### How to complete this task:
Every line from the one with "Empty basin, Prescott" through the last line below should be repeated exactly; pictures stay out of the copy.

### Source material:
*** Begin section ***
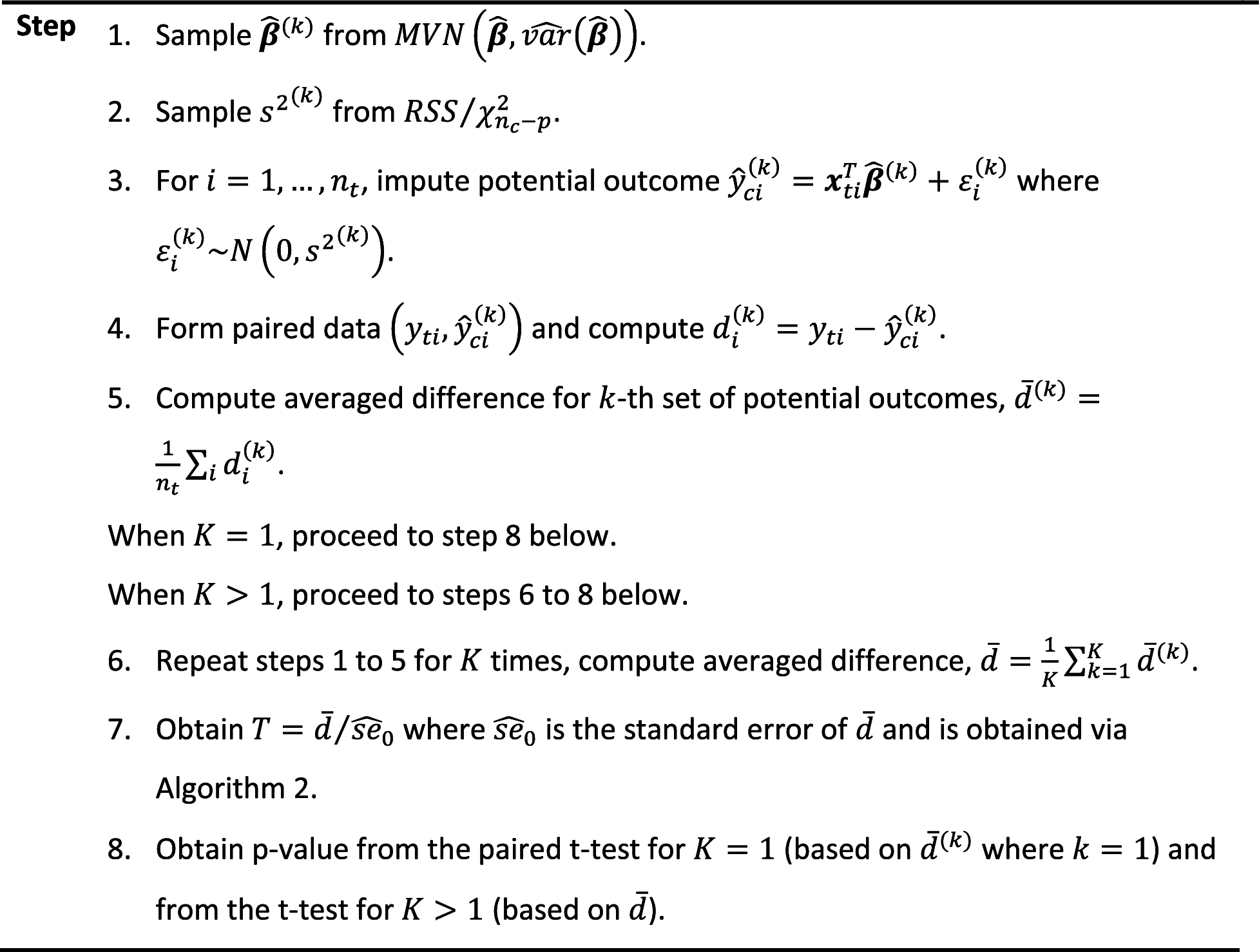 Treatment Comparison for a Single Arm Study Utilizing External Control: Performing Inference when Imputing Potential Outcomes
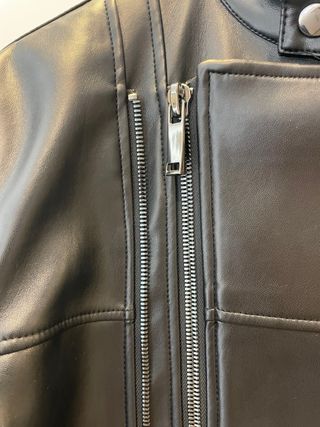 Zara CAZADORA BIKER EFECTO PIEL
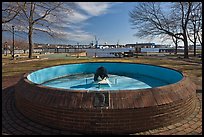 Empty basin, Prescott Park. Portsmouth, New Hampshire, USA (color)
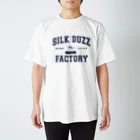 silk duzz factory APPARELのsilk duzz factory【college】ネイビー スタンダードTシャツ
*** End section ***
### Written reply:
 Empty basin, Prescott Park. Portsmouth, New Hampshire, USA (color)
 silk duzz factory APPARELのsilk duzz factory【college】ネイビー スタンダードTシャツ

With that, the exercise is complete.